After inventory files are created, additional standard data storage and operations charges will be incurred for storing, reading, and writing the inventory-generated files in the account.
After an inventory report is complete, additional standard data storage and operations charges are incurred for storing, reading, and writing the inventory report in the storage account.
If a rule contains a prefix that overlaps with a prefix of any other rule, then the same blob can appear in more than one inventory report. In this case, you're billed for both instances. For example, assume that the prefixMatch
element of one rule is set to ["inventory-blob-1", "inventory-blob-2"]
, and the prefixMatch
element of another rule is set to ["inventory-blob-10", "inventory-blob-20"]
. An object named inventory-blob-200
appears in both inventory reports.
Snapshots and versions of a blob also count towards billing even if you've set includeSnapshots
and includeVersions
filters to false
. Those filter values don't affect billing.
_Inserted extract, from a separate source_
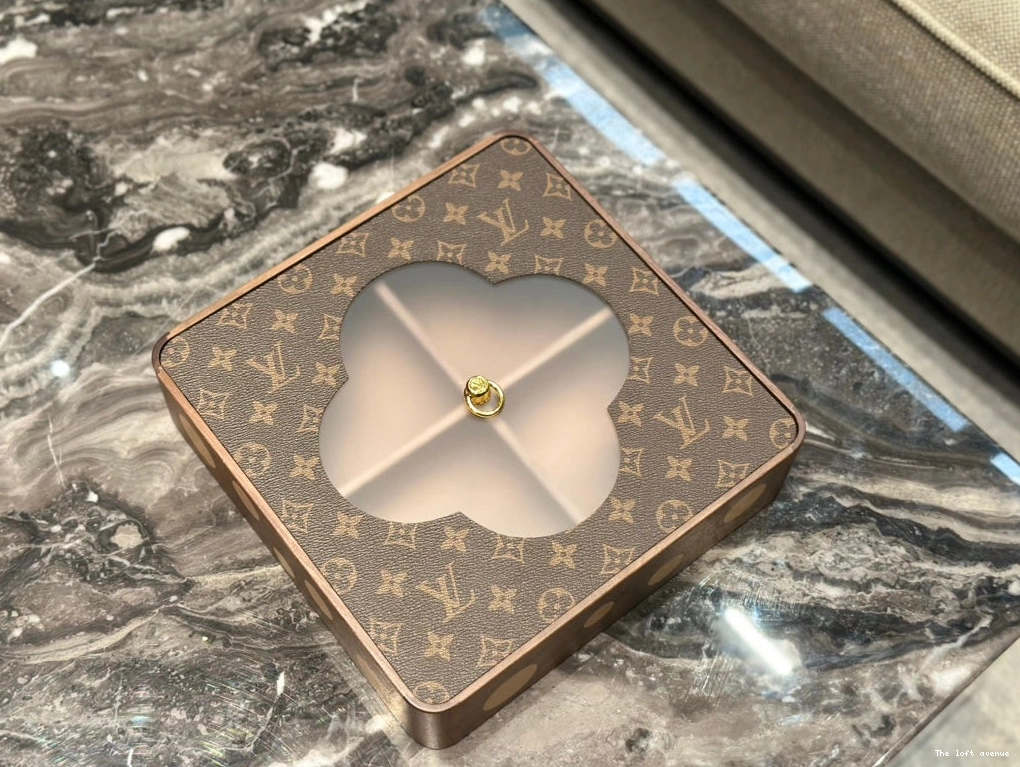 ACCESSORIES LV CUSTOM 2.0 BOX 0803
You can use them only to filter what appears in the report.
For more information about pricing for Azure Storage blob inventory, see Azure Blob Storage pricing.
[!INCLUDE Blob Storage feature support in Azure Storage accounts]
This section describes limitations and known issues of the Azure Storage blob inventory feature.
An inventory job can take a longer amount of time in these cases:
-
A large amount new data is added
-
A rule or set of rules is being run for the first time
The inventory run might take longer time to run as compared to the subsequent inventory runs.
-
In inventory run is processing a large amount of data in hierarchical namespace enabled accounts
An inventory job might take more than one day to complete for hierarchical namespace enabled accounts that have hundreds of millions of blobs. Sometimes the inventory job fails and doesn't create an inventory file. If a job doesn't complete successfully, check subsequent jobs to see if they're complete before contacting support.
-
There is no option to generate a report retrospectively for a particular date.
An object replication policy can prevent an inventory job from writing inventory reports to the destination container. Some other scenarios can archive the reports or make the reports immutable when they're partially completed which can cause inventory jobs to fail.